Exercise description
Among the lines below, a stretch begins at the one with "Sometimes we think" and ends at the one with "For our purposes". Repeat that stretch exactly, ends included.
─── Exercise data
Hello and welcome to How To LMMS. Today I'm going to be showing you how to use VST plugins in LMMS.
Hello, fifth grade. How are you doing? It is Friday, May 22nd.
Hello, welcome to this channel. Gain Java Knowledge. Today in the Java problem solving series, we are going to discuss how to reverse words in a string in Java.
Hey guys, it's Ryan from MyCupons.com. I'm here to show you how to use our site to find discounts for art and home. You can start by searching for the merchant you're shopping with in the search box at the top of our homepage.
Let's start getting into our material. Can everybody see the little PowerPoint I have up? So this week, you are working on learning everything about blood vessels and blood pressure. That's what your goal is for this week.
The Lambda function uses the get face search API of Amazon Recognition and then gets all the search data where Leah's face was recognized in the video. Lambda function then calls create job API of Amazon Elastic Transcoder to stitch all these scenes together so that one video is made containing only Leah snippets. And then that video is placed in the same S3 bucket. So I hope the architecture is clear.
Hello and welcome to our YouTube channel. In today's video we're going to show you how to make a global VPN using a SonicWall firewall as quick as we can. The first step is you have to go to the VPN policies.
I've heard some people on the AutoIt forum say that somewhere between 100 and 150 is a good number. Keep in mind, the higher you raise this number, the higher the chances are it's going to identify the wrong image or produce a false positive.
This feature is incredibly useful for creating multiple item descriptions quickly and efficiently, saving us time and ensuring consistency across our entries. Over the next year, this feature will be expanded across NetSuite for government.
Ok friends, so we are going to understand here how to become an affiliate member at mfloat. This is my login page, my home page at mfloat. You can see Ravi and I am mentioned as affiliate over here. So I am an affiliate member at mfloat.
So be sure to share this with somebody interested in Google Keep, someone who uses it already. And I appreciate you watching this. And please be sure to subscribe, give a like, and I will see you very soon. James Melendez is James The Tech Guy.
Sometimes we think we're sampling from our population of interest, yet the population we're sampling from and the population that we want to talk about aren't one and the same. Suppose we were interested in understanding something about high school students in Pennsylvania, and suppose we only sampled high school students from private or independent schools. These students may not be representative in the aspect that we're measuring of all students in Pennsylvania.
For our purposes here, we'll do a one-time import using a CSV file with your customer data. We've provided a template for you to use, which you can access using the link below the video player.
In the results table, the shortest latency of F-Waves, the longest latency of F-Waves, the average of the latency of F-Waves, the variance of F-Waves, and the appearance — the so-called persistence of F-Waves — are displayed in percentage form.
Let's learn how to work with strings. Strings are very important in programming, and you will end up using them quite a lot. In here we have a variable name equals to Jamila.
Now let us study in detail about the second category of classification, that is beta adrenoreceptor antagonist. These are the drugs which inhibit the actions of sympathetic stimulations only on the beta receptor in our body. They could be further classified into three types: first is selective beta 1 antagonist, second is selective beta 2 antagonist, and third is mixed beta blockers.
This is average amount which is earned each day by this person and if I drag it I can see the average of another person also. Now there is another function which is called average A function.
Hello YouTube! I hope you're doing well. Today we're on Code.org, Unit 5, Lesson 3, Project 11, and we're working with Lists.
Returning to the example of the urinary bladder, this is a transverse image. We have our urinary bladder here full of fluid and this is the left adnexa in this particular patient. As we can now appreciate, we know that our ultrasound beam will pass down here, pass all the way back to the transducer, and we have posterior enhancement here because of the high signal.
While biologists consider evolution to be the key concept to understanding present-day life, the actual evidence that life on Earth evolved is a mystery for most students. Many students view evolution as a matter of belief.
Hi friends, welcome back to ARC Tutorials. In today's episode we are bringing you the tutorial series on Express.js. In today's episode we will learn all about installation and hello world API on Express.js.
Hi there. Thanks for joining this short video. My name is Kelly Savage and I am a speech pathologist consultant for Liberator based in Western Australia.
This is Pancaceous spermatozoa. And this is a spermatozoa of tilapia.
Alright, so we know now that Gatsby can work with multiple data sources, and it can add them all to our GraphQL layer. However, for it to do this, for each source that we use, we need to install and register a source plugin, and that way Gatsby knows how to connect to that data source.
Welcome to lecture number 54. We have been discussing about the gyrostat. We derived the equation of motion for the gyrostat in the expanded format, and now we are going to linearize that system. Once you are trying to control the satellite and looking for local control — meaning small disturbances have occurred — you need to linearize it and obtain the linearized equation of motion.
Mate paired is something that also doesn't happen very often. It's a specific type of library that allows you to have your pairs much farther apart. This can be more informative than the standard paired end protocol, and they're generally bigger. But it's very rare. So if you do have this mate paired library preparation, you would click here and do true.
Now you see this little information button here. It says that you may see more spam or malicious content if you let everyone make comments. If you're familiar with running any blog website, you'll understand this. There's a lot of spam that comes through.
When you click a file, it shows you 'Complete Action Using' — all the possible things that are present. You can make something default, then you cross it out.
──────
Response to this exercise
Sometimes we think we're sampling from our population of interest, yet the population we're sampling from and the population that we want to talk about aren't one and the same. Suppose we were interested in understanding something about high school students in Pennsylvania, and suppose we only sampled high school students from private or independent schools. These students may not be representative in the aspect that we're measuring of all students in Pennsylvania.
For our purposes here, we'll do a one-time import using a CSV file with your customer data. We've provided a template for you to use, which you can access using the link below the video player.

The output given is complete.